School of Information professor Loriene Roy launched her campaign Friday to run for the president of the American Library Association, as the first American Indian candidate.
More than 50 of Roy's supporters gathered in the Carver Branch of the Austin Public Library to meet each other and kick off Roy's campaign. The ALA is the largest and oldest library association in the world and it serves to promote library services and public access to information.
Roy said the ALA presidency would be an opportunity to bring visibility to the communities with which she works. The campaign focuses on extending the love of reading to all children, said Beth Hallmark, library and information science graduate student and manager of Roy's student-run campaign.
"She breaks the stereotype of what a librarian is," said Gustavo Soto, graduate student in the School of Information and campaign treasurer. He described an older woman with glasses and "shushes" people and who is only concerned with books and check-out rules. "Dr. Roy is more focused on the bigger issue," Soto said. "She focuses on minorities and people who don't have access to even books or libraries."
Roy founded If I Can Read, I Can Do Anything, a national reading club for American Indian children. Roy, an Anishinabe Indian, is enrolled on the White Earth Reservation and is a member of the Minnesota Chippewa Tribe.
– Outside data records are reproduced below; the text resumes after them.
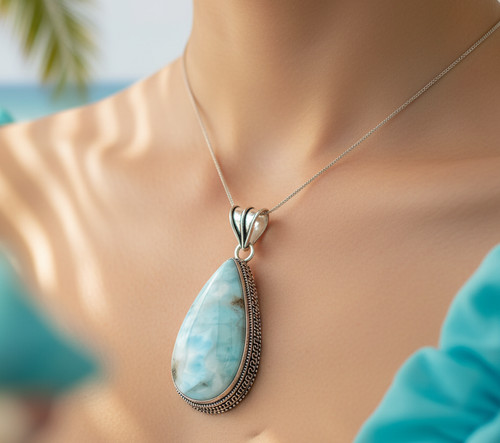 Natürlicher larimar edelstein - natürlicher,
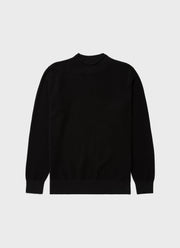 Men's Textured Guernsey Jumper in Black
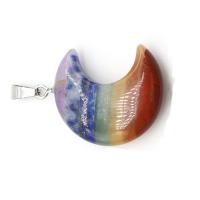 Gemstone Zinc Alloy Pendants, with Zinc Alloy, Moon, silver color plated, fashion jewelry, mixed colors 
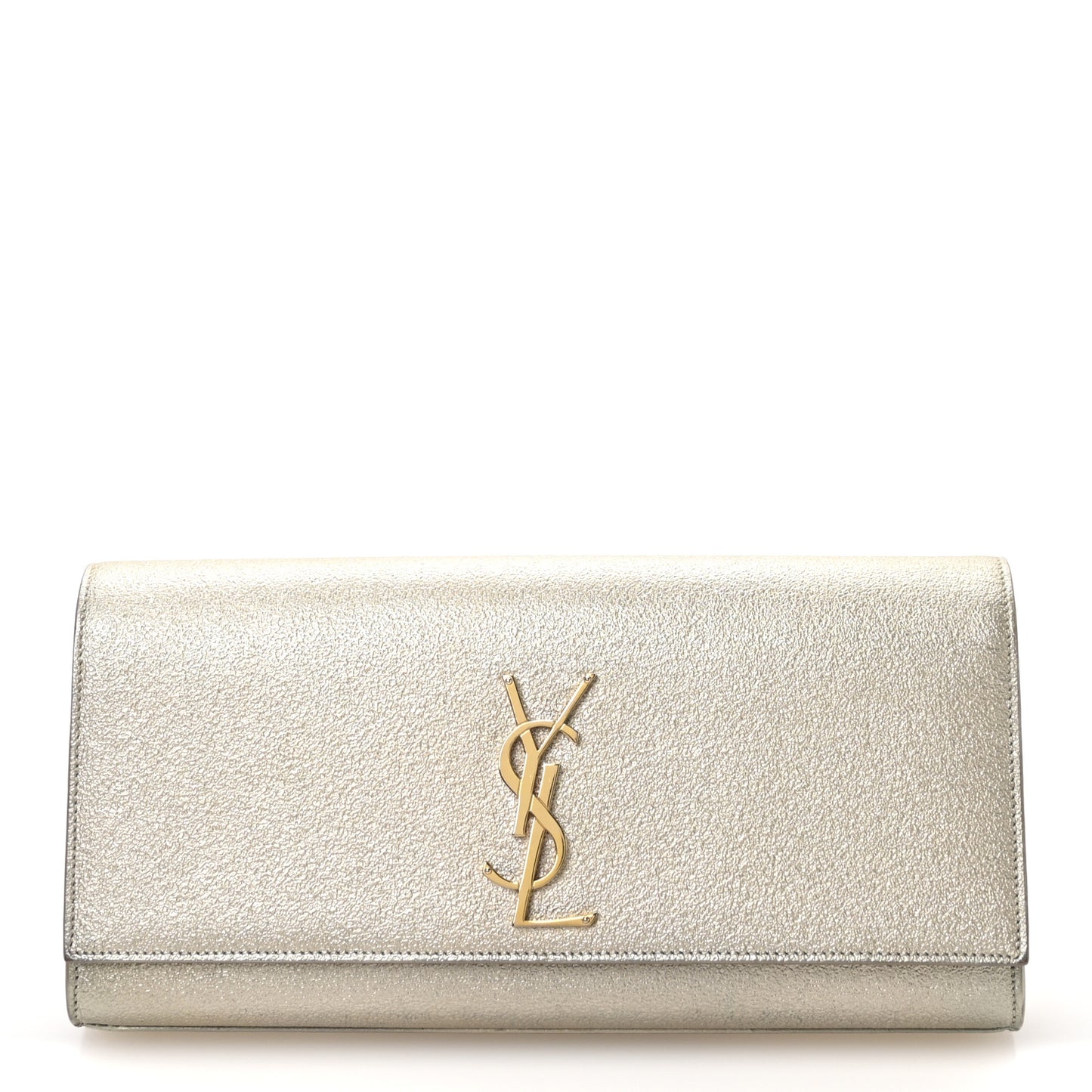 Metallic Textured Calfskin Classic Monogram Cassandre Clutch Pale Gold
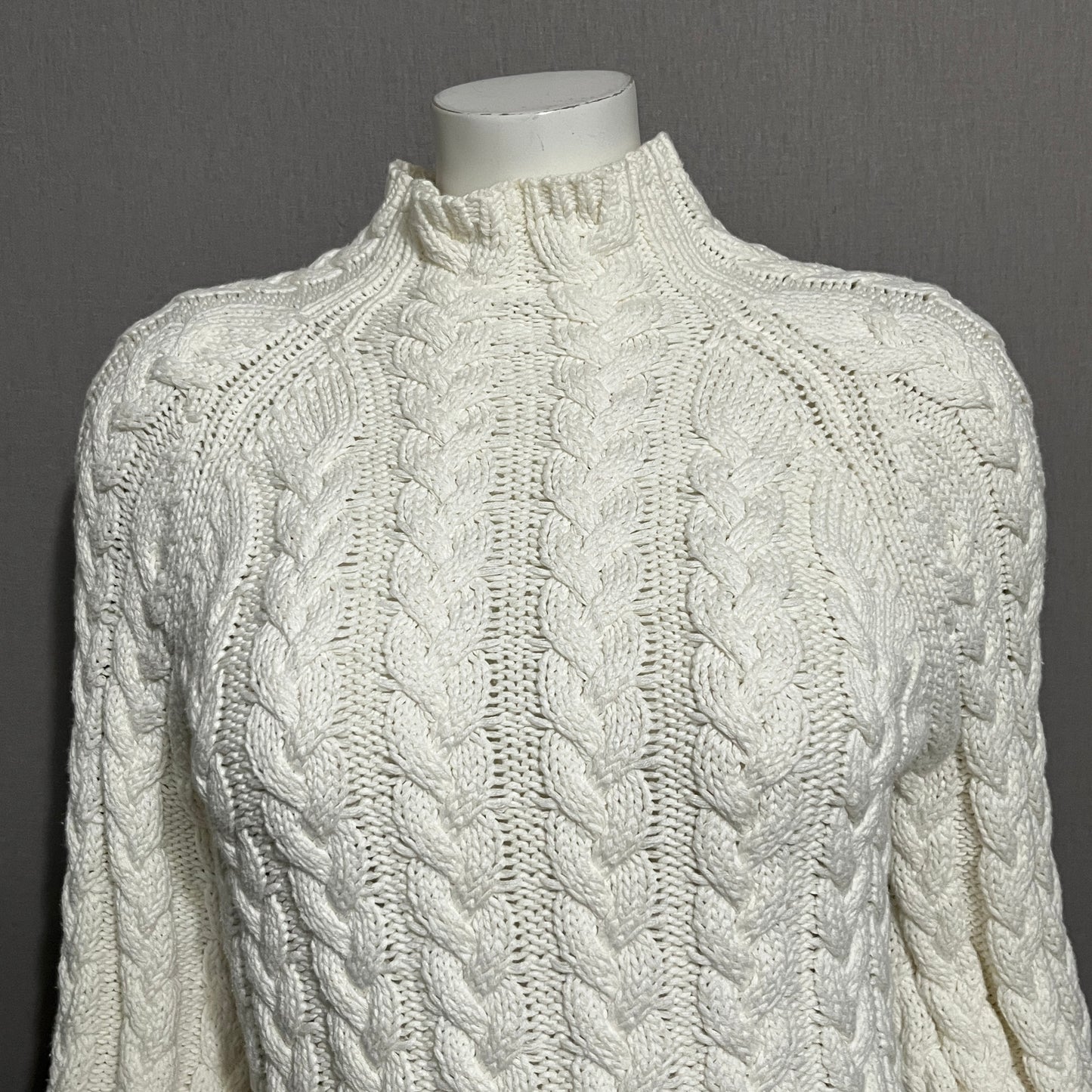 W by Worth Cotton Cream Balloon Sleeve Sweater Sz-Small
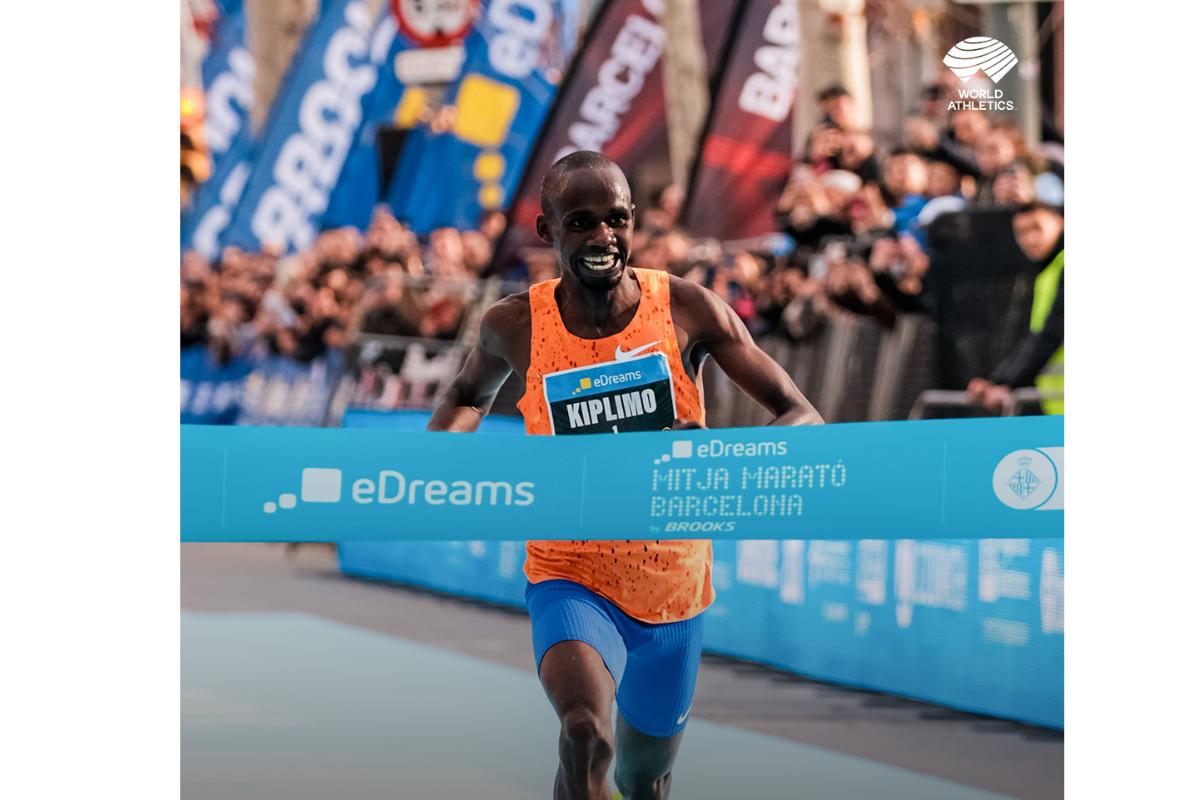 Uganda's Jacob Kiplimo set a new half marathon world record, with a timing of 56:42 at the Barcelona Half Marathon 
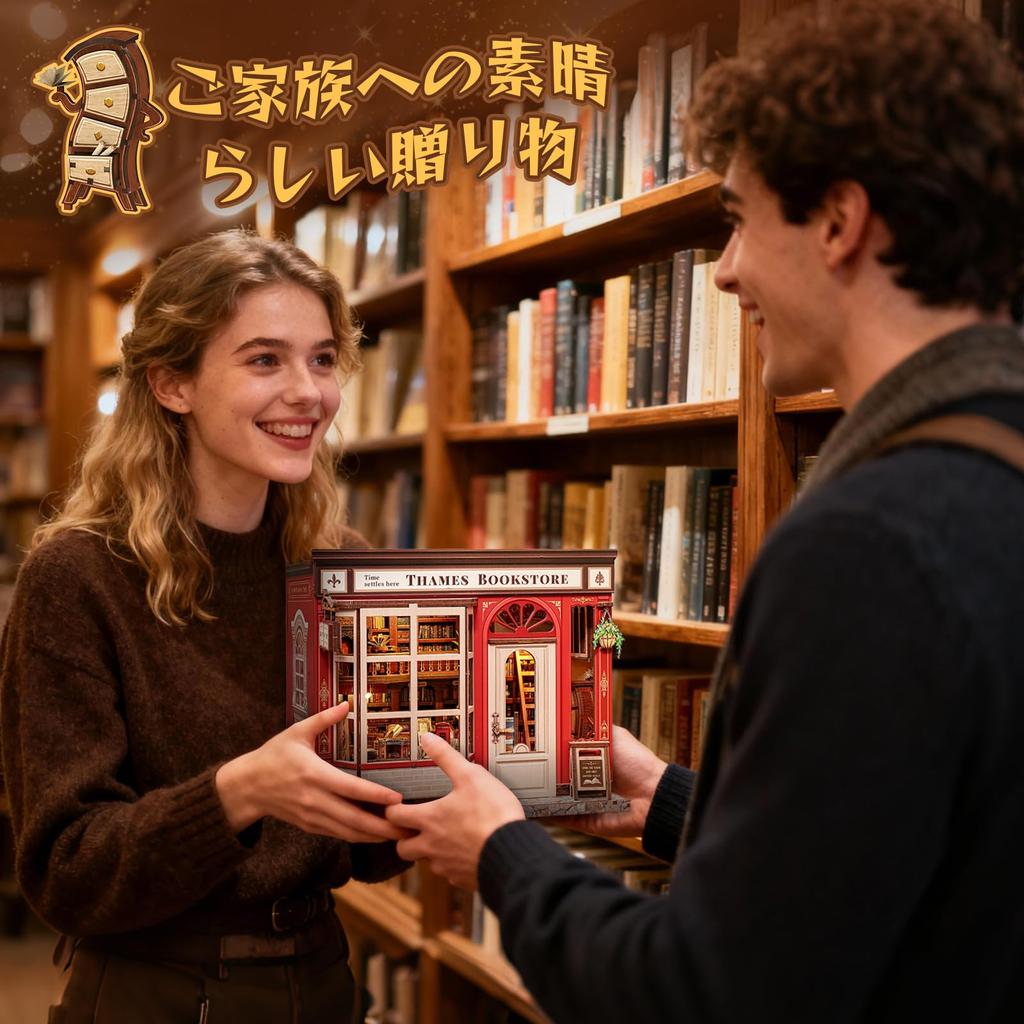 CuteBee DIY Book Nook Dollhouse Miniature Book Stand Decoration with for Teens and 3D Perfect Gift Kit, Kit, LED, Wooden, Adults, Puzzle, (Thames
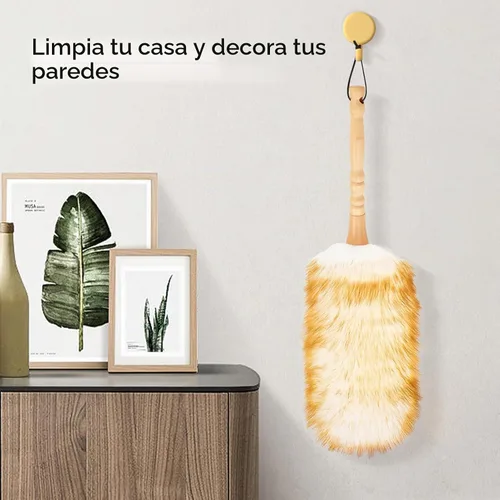 Vista 6 de Plumero de lana de cordero con mango de madera maciza, correa de cuero para colgar, cómodos agarres de 19.6 pulgadas de largo, plumeros naturales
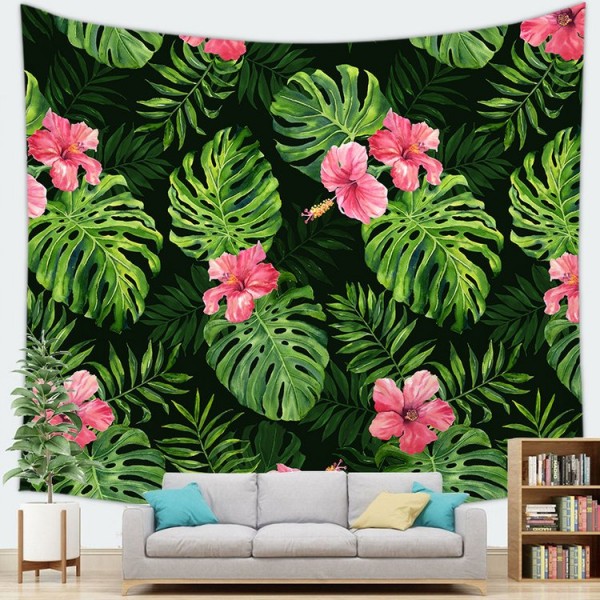 Flower Green Leaves - 100*75cm - Printed Tapestry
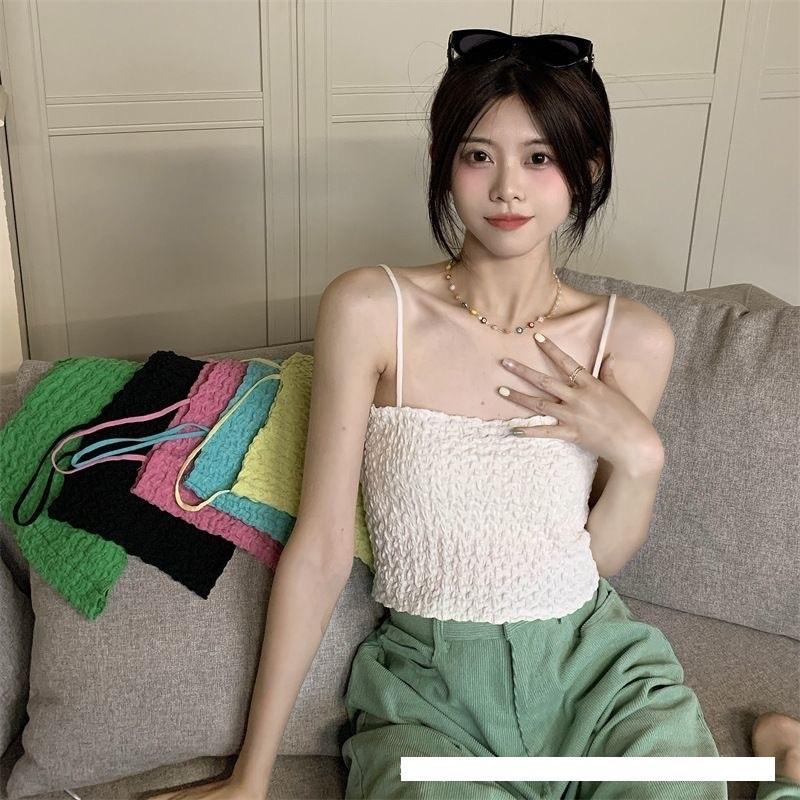 Áo Bra 2 dây dáng Lửng CROPTOP NHÚN có đệm mút liền áo,cogiãn, nhiều màu lựa chọn cho Nữ Women Thun Nhung Dáng Ngắn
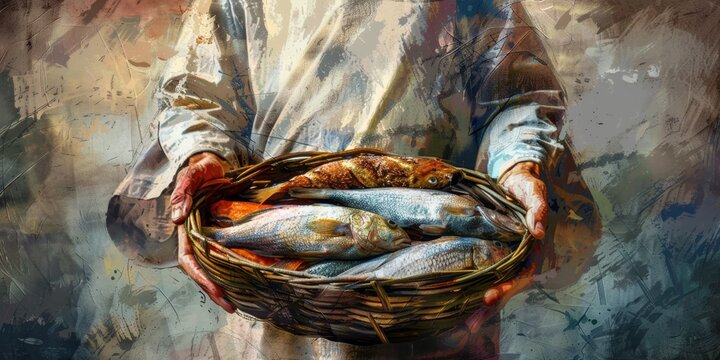 Jesus Holding a Basket of Fish and Bread. Biblical Themed Artwork Featuring Fish and Bread Symbolizing the Miracle of Feeding the Multitude. Jesus Blessing Bread and Fish. Faith, Hope, Community Conce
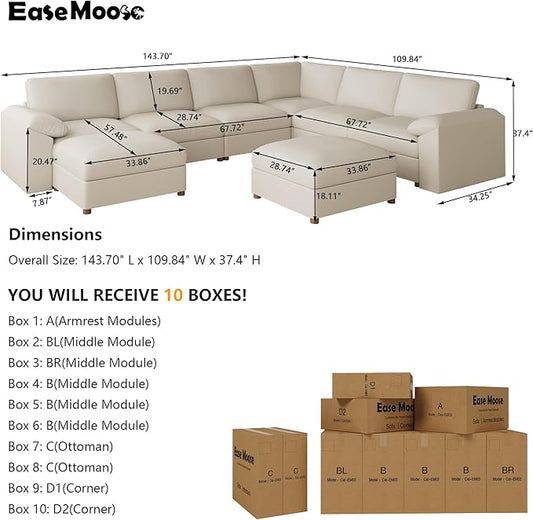 EASE MOOSE Modular Sectional Sofa, Oversized Faux Leather Sectional with Ottoman, Wide Deep Modular Couch, Scratch Resistant Faux Leather Material, U Shaped Couch for Big Spaces, Beige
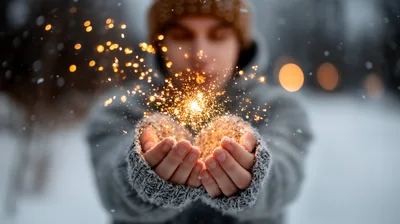 Person Holding Glowing Magical Sparks In Winter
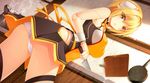  android apron ass blonde_hair breasts dmm dutch_angle erect_nipples hair_over_eyes highres holding indoors kitchen knife large_breasts legs looking_back original panties pantyshot pantyshot_(standing) serious short_hair skirt solo standing thighs underwear wrist_cuffs yellow_eyes 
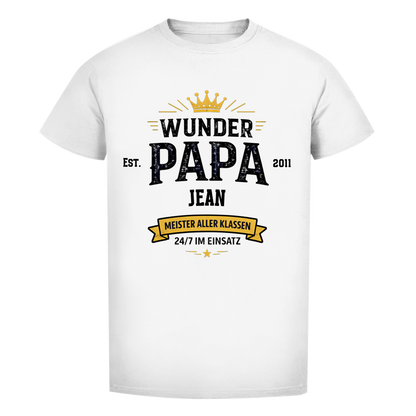 Herren T-Shirt - "Wunder Papa" - EST.  Jahreszahl / Namen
"She very much is about what people can do together as a community and how people can come together and bring their own culture, their own history and celebrate that as well," Hallmark said. "Culture is an important part of who she is."
Roy attended the Oregon Institute of Technology before earning her master's in library science from the University of Arizona and her Ph.D in library and information science from the University of Illinois at Urbana-Champaign.
The ALA president serves a one-year term, functioning as the chief spokesperson for the more than 65,000 members of the association. Each year, a nine-person nominating committee selects two candidates to run for the presidency.
Bill Crowe, director of the University of Kansas' Spencer Research Library, was also selected to run. His campaign focuses on making libraries the "center of the information-seeking world."
Crowe and Roy will participate in a one-hour debate in January at the ALA midwinter meeting. Voting will take place from March 15 until April 24. The winner will serve one year as president elect, one year as president and one year as immediate past president.
The candidates must raise all the funds on their own. Roy estimated that her campaign would cost between $6,000 and $8,000 and that her team has sent out invitations asking people to donate.
"It's like running for president of a small country; we have balloons, we have bumper stickers and brochures are under development," Roy said.